▸ **What to work on**: Output exactly the line containing "A white swing" and each line after it through the last line of the records, and nothing else.

*** Provided records Section Begins ***

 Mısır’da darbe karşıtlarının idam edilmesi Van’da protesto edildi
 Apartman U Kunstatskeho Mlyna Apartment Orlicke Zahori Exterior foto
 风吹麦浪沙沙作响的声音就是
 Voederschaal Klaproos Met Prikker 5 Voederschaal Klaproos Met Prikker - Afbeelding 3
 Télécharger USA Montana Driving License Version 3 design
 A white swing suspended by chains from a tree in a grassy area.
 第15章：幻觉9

*** Provided records Section Ends ***

▸ **Answer space**:
 A white swing suspended by chains from a tree in a grassy area.
 第15章：幻觉9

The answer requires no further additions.